An elasticsearch node exceeded all available resources and failed. This resulted in a cluster failure, which resulted in the unavailability and eventual loss of data indexes used to present Analytics data in the X-Cloud platform.
During the incident time frame, users saw either static data or no data in the Analytics tab within X-Cloud Recruiter.
The affected elasticsearch cluster was brought back to a healthy state, and then indexes were rebuilt.
01/14/2019 - 05:14pm US EDT - Initial failures detected.
01/14/2019 - 08:33pm US EDT - Investigation and recovery efforts determined that the cluster would require a node rebuild and extension. Rebuild initiated
01/14/2019 - 11:50pm US EDT - Elasticsearch node recovered and resources increased. Index rebuilding initiated.

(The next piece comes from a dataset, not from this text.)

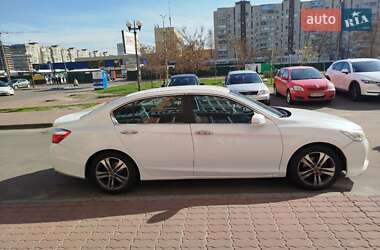 Седан Honda Accord 2013 в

01/15/2019 - 09:17am US EDT - Data index rebuilding completed for 98% of customers.
01/15/2019 - 01:05pm US EDT - Data index rebuilding completed for remaining customers.
X-Cloud Analytics function in X-Cloud Recruiter
Immediate Recovery - Elasticsearch cluster rebuilt.
Long Term Fixes
1) Elasticsearch cluster resources dramatically increased.
2) Additional proactive monitoring added to elasticsearch cluster to preemptively identify failure signatures experienced.